So a national dish of my native Taiwan is beef noodle soup. And of course, I’m bastardizing it, because while I am a legal citizen and was born there, I speak less Mandarin than the employees of Panda Express and have less knowledge about Taiwanese traditions and culture than most of the Chinese mainlanders who think Taiwan still belongs to them. Now the reason why my rendition is a bastardization is just because of one ingredient. The beef. Traditional Taiwanese beef noodle soup uses beef cheeks. However, I prefer oxtail, just because it has this rich, unctuous, sweetness to it that pairs so beautifully with the traditional stock and the noodles, both of which I learned the (authentic and traditional) recipes from both my own mother and my Taiwanese friend’s mother. Now if you don’t want to ruin a traditional recipe, or you’re trying to impress your Taiwanese friend or date, you can substitute the oxtail with beef cheeks entirely in this recipe, with no tweaks needed, but like I said, I prefer oxtail and I’m uncultured and untraditional, so yeah. Without further ado, here’s my semi-traditional beef noodle soup.
1 gallon (16 cups) water, divided into two parts
1/2 cup soy bean paste (can substitute with 3 parts red miso to 1 part soy sauce)
1/2 pound of oxtail (bone-in)
2 tablespoons of roughly chopped ginger
2 cloves of garlic; smashed with skins and brown ends removed







1/2 an onion; sliced (can substitute with shallots as well)
3 tablespoons soy sauce

3 carrots; roughly chopped

oil
Pour half of the water into one of the pots, and bring to a boil. Add in the oxtail. Allow it to simmer until the exterior of the meat turns brown.
In a pan, heat up the ginger, garlic, pepper, and onion/shallot with some oil and cook until the onions begin to brown. Deglaze the pan with some of the remaining 1/2 gallon of water, scraping the bottom of the pan with a rubber or wooden spatula to allow the flavor to impart into the liquid. If the pot is not big enough to hold at least 3/4 gallons of water, then transfer the liquid into a bigger pot (as you can see, my pot in the picture wasn’t big enough, because I dun-goof’d). Place the pot with the aromatics on the stove and bring to a boil. Add in the soy bean paste, salt, and soy sauce at this time.

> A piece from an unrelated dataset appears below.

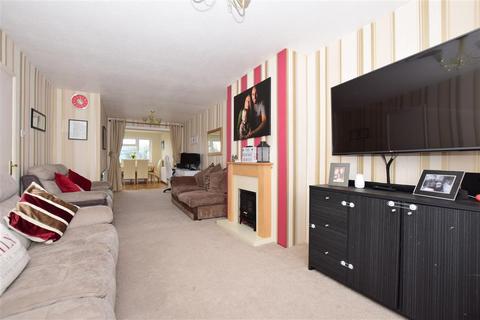 8 Darrell Close, Herne Bay, CT6 7QQ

Once the meat is brown, pour out all of the boiling liquid, then strain and rinse oxtail under lukewarm water to remove the coagulated blood (we do the twice boil process for braising at home because my parents are straight-out-of-Taiwan-Taiwanese, and that’s the way we were taught to do it, so there’s some tradition for you, but if you know how to make consomme using a raft, just skip this step entirely, and your water bill will probably love you for it). Place the oxtail in the soy bean liquid and allow that to simmer for 2 hours on medium-low heat.
Occasionally, you’ll need to skim the fat off the top of the stock, as beef contains loads of it, or more accurately, 3/4 to 1 cup of skimmed fat (if you were all fancy schmancy and know how to make a raft for a consomme, you can implement that technique here as well, just to skim the fat and impurities from the stock).
Roughly 15 minutes before actual plating, be sure to add in the carrots, and cook them down in the braising liquid so that they are tender, but not mushy; carrots and oxtail are a very traditional pairing in both Taiwanese and Russian cooking, according to my parents, and many restaurants in Taiwan actually do use carrots in their beef noodle soups.
Finally, add in the cabbage, leaf by leaf, and stir. To serve, pour the broth over noodles, and gently place the oxtail meat in each bowl (before serving, you can rinse the oxtail under cold water, then remove the meat from the bones, just to make eating the dish a less sloppy ordeal, then add the meat back into the stock to keep warm).







For noodles:
1/4 cup rice flour (mochiko)
1 cup all purpose flour
1/3 cup scalding hot water + 1 teaspoon salt (the salt makes the noodles chewier)
In a bowl, combine the ingredients together. It should form into a blob of dough, although if it becomes a bowlful of crumbly flour, just add a tablespoon of water, which will bring it together. Knead the dough on a lightly (all purpose) floured surface so that the dough can get smooth; kneading means to roll out, fold, then roll again, all while applying pressure from your palms onto the dough itself. Dust with a thin layer or flour and allow it to rest for around 10-30 minutes, so that the dough becomes more pliable. Roll out until it’s thin enough that the dough significantly darkens if you were to place your hand underneath it. Slice into noodles, this being a nice time to own a pasta roller, and toss the noodles with more all purpose flour so that they won’t stick to one another. Boil in water for only 30 seconds; fresh made noodles will turn mushy and will all apart if you boil them for more than a minute.